I once read that someone, Milton maybe, had suggested that Adam ate the fruit in the Garden to save Eve from destruction, to bear their punishment together. Because how frightening is it that Adam, the progenitor of the entire human race, ate the fruit because it looked tasty? That simple pleasure drove him to commit a heinous act.
If Judas wasn't a revolutionary, a freedom fighter, and thus a tragic figure, in the Aristotelean sense, but instead a petty thief, as John insists, who believed in Jesus, but loved life's little pleasures, if all he was thinking about when he kissed the master's cheek was wine and olives, maybe some good meat, then we, all of us, must look again to our noble motives in each sinful act. Am I lustful because I simply love women or because I like pleasure? Am I dishonest because I don't want people to feel bad or because I know honesty put Jesus on a cross? Am I lazy because of depression or because I found an excuse?

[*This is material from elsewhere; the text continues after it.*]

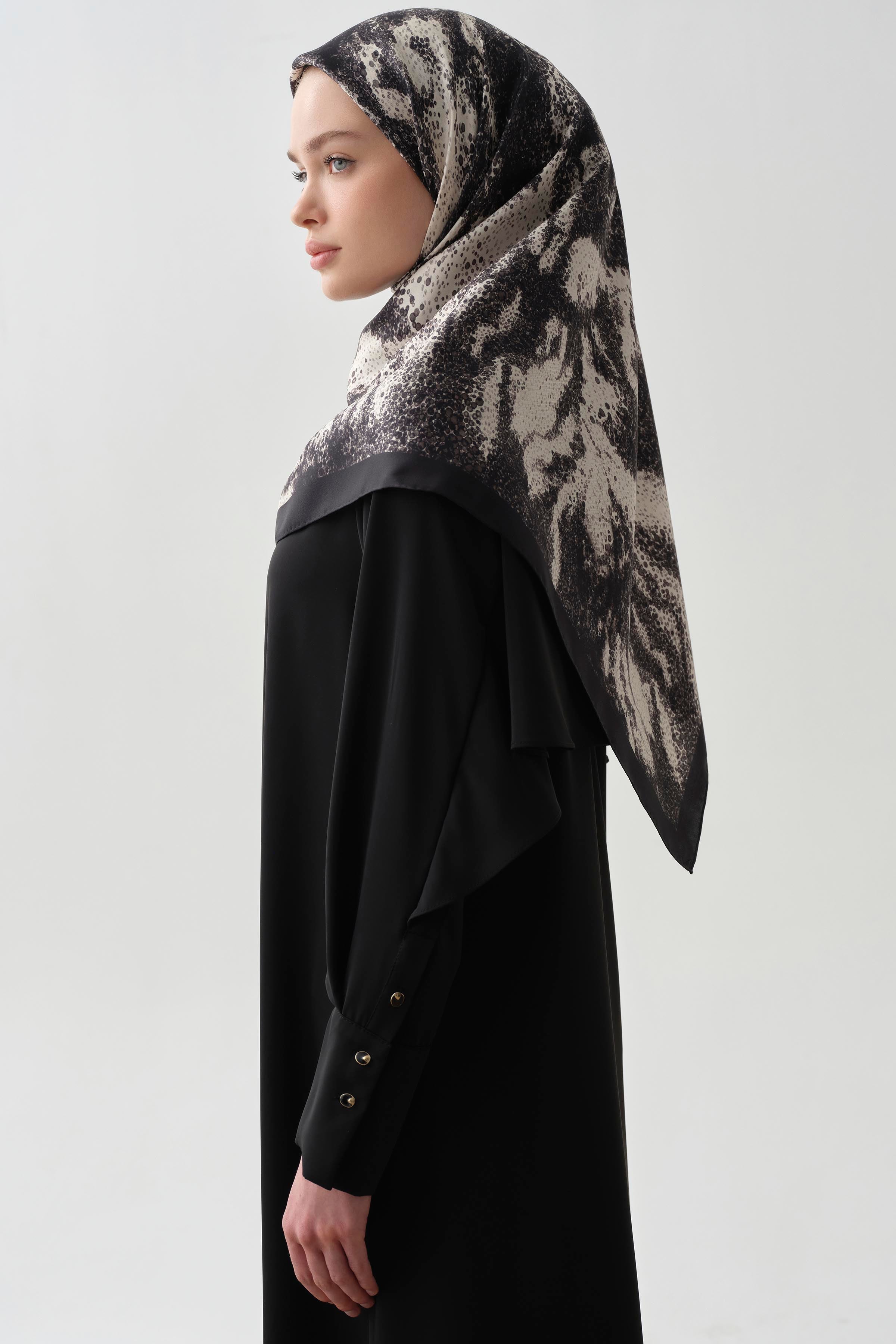 Arka Rüzgarlıklı Tunik - Siyah TUGBA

I began this while reading a piece by Morton T. Kelsey called "The Cross and the Cellar," which begins thus: "Each of us has underneath our ordinary personality, which we show to the public, a cellar in which we hide the refuse and rubbish which we would rather not see ourselves or let others see. And below that is a deeper hold in which there are dragons and demons, a truly hellish place, full of violence and hatred and viciousness."
I am firmly of the opinion, which I think I gained from reading Lewis, whether he would agree with me or not, that the deepest depravity of the human heart is not found in death camps, but in the petty pleasures that cause us to cheat on our spouses or even just torture them with unnecessary and ill-founded critiques. The little cruelties, with which we can make our collective lives a veritable hell, when we consider that the motive is not hate, or even irrational fear, but the pleasure we gain from them, are among the more frightening things we can see in our hearts or those of others. I feel that we've become unduly frightened by the sociopath, the person who coldly watches the emotional lives of others without empathy. Forgive me if I misuse the term. But I remember a far more frightening sight, looking into the eyes of your torturers and seeing only enjoyment, only laughter looking back at you.
In fact, well on our side of the wall we put between ourselves and the "monsters" we think of as being responsible for the state of the world, terrorists, bankers, politicians, etc., we find ourselves, venal, vain, and greedy and responsible, with all the rest, for the state the world is in.
And it is in our perceived virtues that our vices hide. As a young man, I believed myself to be of great faith, because I never doubt the existence of God. And one day, as I basked in this self-assurance, the Almighty assured me that my faith was a farce, that it was because of my lack of faith that I had been granted such a clear path to belief, because he had pity on me. Pride masquerades as faith, and judgmentalism as purity and laziness or cowardice as patience.
Lewis once pointed out that the Good News rested on a Bad News that used to be taken for granted, which we must be careful to accept in order to avoid the pitfall of pride and feel the value of what's on offer in the gospel.